On the occasion of the 42nddeath anniversary of Zulfikar Ali Bhutto on April 4, 2021, Pakistan People’s Party (PPP) chairman Bilawal Bhutto Zardari carried on the war of words that has broken out in the ranks of the opposition Pakistan Democratic Movement (PDM) since the Senate elections and the elevation of the PPP’s Yusuf Raza Gilani to the slot of Leader of the Opposition in the upper house. However, he made a departure from the ‘normal’ to-and-fro rhetoric that the two sides have been exchanging since. Bilawal said the PPP is prepared to fight alone if necessary against the ‘selected’ government even without the support of the rest of the opposition. Whether this declaration is merely retaliatory, defensiveness, bravado or illusion, only time will tell.

What is beyond doubt is that the PDM is on the rocks. To add salt to the wounds, the scheduled meeting on April 5, 2021 of the PPP’s Central Executive Committee (CEC) to discuss the controversial issue of en masse resignations from parliament demanded by the other parties of the PDM has been postponed on the plea that the Senate session has been called on that day and not all members of the CEC will be able to make it to the meeting. Since no new date for the CEC meeting has been announced, this possibility must now be considered to have been consigned to the backburner.

Meanwhile five parties of the opposition, headed by the Pakistan Muslim League-Nawaz (PML-N), have decided to sit as an independent opposition group in the Senate following their refusal to accept Gilani as the Leader of the Opposition on the grounds that he won the slot with the support of so-called independent Senators suspected of belonging to the Balochistan Awami Party (BAP), aligned with the Pakistan Tehreek-i-Insaaf (PTI) government. The new opposition group boasts a strength of 27 Senators, not a force therefore to be sneezed at.

Bilawal’s claim that only the PPP knows how to run movements in a democratic manner contrasts sharply with the party’s recent practice. He also claimed the PPP knows how to fight the government and the establishment from both inside and outside parliament. He said the puppet government had been seriously challenged in the PPP’s rallies. One may be forgiven for questioning the veracity of these statements in the light of the PPP’s recent role in disrupting the PDM from within, questioning whether there is space for fighting from within parliament without some level of collaboration with the establishment, and the impact (not visible so far) of its rallies without.

One aspect of the PPP’s strategy within, according to Bilawal, was the ouster of the PTI Punjab government through a no-confidence motion, which would have cascaded into the departure of the PTI federal government. However, the numbers in the Punjab Assembly do not add up for the opposition, so this claim seems more hope than reality. While reiterating the PPP’s willingness to forget everything that has happened of late in the interests of the bigger cause, Bilawal did not shrink from making the case for Gilani’s re-entry into parliament since he was dismissed by the Supreme Court mid-term.
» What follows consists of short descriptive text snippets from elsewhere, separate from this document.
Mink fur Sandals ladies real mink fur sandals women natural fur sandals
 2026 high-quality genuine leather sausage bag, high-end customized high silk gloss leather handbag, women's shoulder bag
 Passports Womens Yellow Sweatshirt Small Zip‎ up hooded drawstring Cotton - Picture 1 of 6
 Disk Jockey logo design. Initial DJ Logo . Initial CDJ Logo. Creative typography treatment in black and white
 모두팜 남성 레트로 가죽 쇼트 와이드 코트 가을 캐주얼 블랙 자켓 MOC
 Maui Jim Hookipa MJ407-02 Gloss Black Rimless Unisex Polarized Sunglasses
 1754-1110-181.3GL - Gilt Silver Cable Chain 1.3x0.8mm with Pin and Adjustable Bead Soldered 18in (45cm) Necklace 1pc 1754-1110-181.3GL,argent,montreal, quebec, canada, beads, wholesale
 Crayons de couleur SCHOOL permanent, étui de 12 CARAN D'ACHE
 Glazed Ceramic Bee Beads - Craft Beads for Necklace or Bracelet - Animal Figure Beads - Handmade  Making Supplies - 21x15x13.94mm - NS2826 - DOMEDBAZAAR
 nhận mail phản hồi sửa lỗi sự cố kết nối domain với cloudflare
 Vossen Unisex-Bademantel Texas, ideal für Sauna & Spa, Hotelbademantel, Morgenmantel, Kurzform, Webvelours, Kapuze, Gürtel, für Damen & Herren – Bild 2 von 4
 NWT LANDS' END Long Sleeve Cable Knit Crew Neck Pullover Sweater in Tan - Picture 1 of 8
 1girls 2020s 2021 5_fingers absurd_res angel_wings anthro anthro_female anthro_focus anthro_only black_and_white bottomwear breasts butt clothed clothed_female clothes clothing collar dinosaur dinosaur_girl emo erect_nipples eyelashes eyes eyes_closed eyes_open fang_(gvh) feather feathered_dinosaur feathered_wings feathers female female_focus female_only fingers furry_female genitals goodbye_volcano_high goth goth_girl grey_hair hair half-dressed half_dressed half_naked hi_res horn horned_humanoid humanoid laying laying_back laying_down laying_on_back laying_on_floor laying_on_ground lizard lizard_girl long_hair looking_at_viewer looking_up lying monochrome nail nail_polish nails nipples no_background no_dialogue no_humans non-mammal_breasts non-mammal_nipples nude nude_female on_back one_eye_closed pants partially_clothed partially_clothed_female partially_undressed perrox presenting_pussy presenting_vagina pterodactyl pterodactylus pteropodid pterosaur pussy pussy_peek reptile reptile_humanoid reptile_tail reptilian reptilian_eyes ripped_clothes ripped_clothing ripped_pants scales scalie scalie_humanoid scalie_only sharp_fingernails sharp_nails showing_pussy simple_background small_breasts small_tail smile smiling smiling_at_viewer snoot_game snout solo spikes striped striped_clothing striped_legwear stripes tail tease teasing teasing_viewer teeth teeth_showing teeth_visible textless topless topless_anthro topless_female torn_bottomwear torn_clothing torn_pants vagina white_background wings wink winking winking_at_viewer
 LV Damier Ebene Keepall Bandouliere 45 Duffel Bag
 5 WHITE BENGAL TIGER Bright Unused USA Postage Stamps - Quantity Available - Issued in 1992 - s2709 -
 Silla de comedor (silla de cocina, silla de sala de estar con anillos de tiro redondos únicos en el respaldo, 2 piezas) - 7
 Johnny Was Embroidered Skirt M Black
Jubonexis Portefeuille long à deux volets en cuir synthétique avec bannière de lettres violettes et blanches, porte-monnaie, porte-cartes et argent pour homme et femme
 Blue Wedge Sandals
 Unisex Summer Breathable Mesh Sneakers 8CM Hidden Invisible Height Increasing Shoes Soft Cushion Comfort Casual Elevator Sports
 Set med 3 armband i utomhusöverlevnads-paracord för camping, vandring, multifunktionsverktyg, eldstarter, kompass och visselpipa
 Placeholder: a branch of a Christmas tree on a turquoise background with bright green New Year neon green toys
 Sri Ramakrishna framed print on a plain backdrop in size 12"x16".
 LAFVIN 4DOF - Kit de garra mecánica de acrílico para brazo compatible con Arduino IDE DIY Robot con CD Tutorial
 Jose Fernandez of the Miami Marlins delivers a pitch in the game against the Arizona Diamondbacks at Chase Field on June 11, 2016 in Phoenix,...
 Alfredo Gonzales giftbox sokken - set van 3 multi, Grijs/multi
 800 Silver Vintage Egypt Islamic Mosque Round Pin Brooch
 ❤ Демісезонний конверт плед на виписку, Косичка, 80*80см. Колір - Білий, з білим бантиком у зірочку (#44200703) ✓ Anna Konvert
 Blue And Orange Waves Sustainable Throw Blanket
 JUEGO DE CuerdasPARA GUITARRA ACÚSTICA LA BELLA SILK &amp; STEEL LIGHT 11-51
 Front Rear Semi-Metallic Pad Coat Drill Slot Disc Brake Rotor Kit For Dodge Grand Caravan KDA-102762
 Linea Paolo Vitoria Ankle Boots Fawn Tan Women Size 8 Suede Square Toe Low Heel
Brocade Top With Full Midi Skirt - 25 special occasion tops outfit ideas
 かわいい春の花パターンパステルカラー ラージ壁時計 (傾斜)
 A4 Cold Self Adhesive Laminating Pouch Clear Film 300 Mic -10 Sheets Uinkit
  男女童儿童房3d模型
To cut to the chase, the PDM has collapsed under the weight of its own internal contradictions. The simple fact is that the PPP has stakes (the Sindh government) in the present dispensation, while the other parties do not. This is the fundamental divide that has now burst forth and arguably ruptured the alliance beyond repair, the expressed hopes for an ill Maulana Fazlur Rehman to patch things up notwithstanding. The maturity and restraint required to keep disparate alliances with a history of mutual recriminations united through thick and thin has been conspicuous by its absence since PPP co-chairman Asif Ali Zardari’s tirade against Nawaz Sharif in a PDM meeting. The past, inevitably, has raised its ugly head in the wake of that exchange to haunt the PDM’s ranks. Clearly, the anti-PTI government bond that brought these parties together in the first place has proved insufficient to negotiate the shoals and reefs in the path of the PDM’s campaign, leading to shipwreck. 

The PTI’s expected delight at this turn of events has been surprisingly mild. One expected a tidal wave (tsunami) of exultation, only to witness an unexpectedly soft response. This could be considered the sobering effect of the PTI’s self-inflicted problems, which must be giving the party and its backers nightmares. Whether the sense of drift, punctuated by silly mistakes like announcing the opening of trade with India one day, only to reverse it the next, denotifying the South Punjab secretariat one day and rejecting the notification the next, or appointing a new finance minister one day and undermining him by inducting a banker and former finance minister to oversee the economy the next, can be salvaged remains open to question.

As for the PPP, its long journey betrays a sorry trajectory from the Left of the political spectrum to the Centre-Right, leaving the door open to defend its niche in the present power structure by some level of collaboration with the ubiquitous establishment.